Step 6: Corrective and Preventative Action Protocol

Throughout the quality process, all teams at every grade will have experiences with quality issues requiring corrective action to meet the Zero Defects goal. The quality system should foster an environment of accountability where every member is a valuable participant in the solution to quality problems. Lower level quality issues are best addressed at that level unless upper management involvement is required. Corrective and preventative actions should be defined within the quality management system to ease corrective recommendations at department levels and for the entire organization.

Step 7: Individual Commitment

Supervisors should instill individual team member commitment to quality through written guidelines. The commitment should outline specific goals, targets, and realistic timelines in which to achieve results (for example, 30 days, quarterly, and annually).

Managers can evaluate performance and goals through a detailed scoring mechanism within the quality management system. Scoring and performance reports inform team members, managers, and senior management of quality at every level of the organization. Every member of the quality organization should receive a score to stay fully accountable to the quality process (360-degree scoring).

Step 8: Continuous Error Removal Processes

As quality failures appear, team members must actively take initiative to discuss the problem at the time of failure. They should follow an established protocol that includes documenting the description of a failure and a solution. Quality practitioners must focus on what needs to be changed so the job can be completed correctly the first time. When every level of an organization works toward failure reduction, failures decrease substantially.

Producing quality is an ongoing and day-to-day activity; so a centralized audit platform is essential to achieving companywide quality results. With a high volume of audits and the need to track errors and correct them, a robust audit platform is a holistic way for companies to check and improve quality.

Step 9: Measure Quality Often and at Every Level

Quality measurements need to be implemented in all areas of the company, including external products and services from vendors. Using the built-in measurement features within the audit platform helps companies find failures quickly with robust dashboards and reporting capabilities. Quality administrators can quickly find whether the company needs attention at the individual, departmental, or organizational levels.

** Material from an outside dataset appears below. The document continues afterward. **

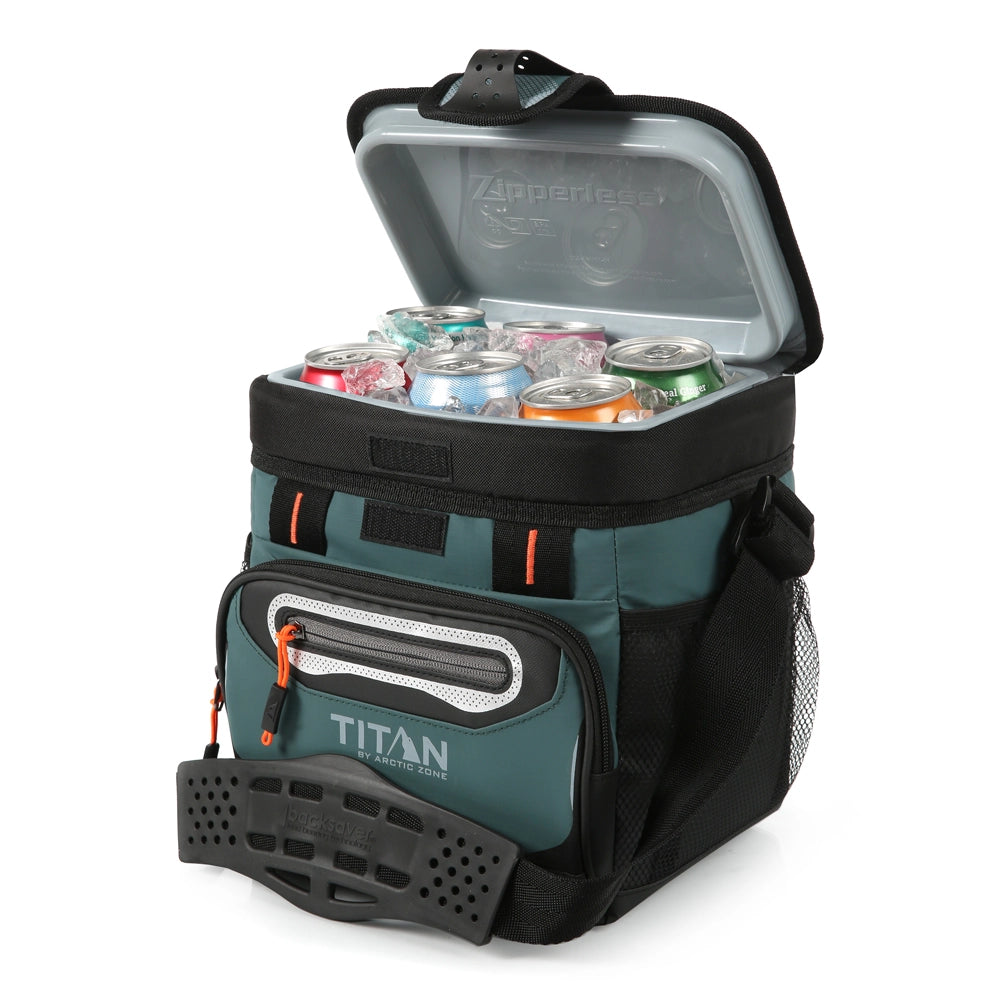 9 Can Zipperless HardBody Cooler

Step 10: Measuring the Cost of Quality

Department leaders are given the task of monitoring the measurement of quality and tracking and correcting failures. A methodical way of measuring the cost of quality is paramount in identifying the true cost of quality for a company. Quantification of the cost of quality within the audit platform and the ability to view it in a real-time fashion is essential to focus on the measurement and efforts to reduce the cost of quality.

Step 11: Quality Oversight Committee

A quality oversight committee is made up of professionals from different departments within the company, or within the audit process. They focus on specific areas of quality and take a macro than a micro approach to quality concerns. They meet periodically to share ideas to correct failures, or to improve quality. The quality oversight committee ensures a unified company view of quality.

Step 12. Repeat Steps One to Eleven

It will take a year or two to set up and refine a Zero Defects company culture. Committees, leaders, Zero Defects days, recognition, daily quality corrections, and the oversight committees should undergo renewal once a year. With a consistent renewal and evaluation through the audit platform, 360-degree scoring and a focus on quality, a companywide Zero Defects attitude will remain fresh and vibrant. Once the cost of quality and its underlying data has been recorded for posterity, the company can start creating historical trends and analysis relating to their cost of quality and achievement.

Producing quality is a journey, not a destination. Understanding the Total Cost of Quality and how to start a Zero Defects quality program is essential to creating a profitable quality-focused company.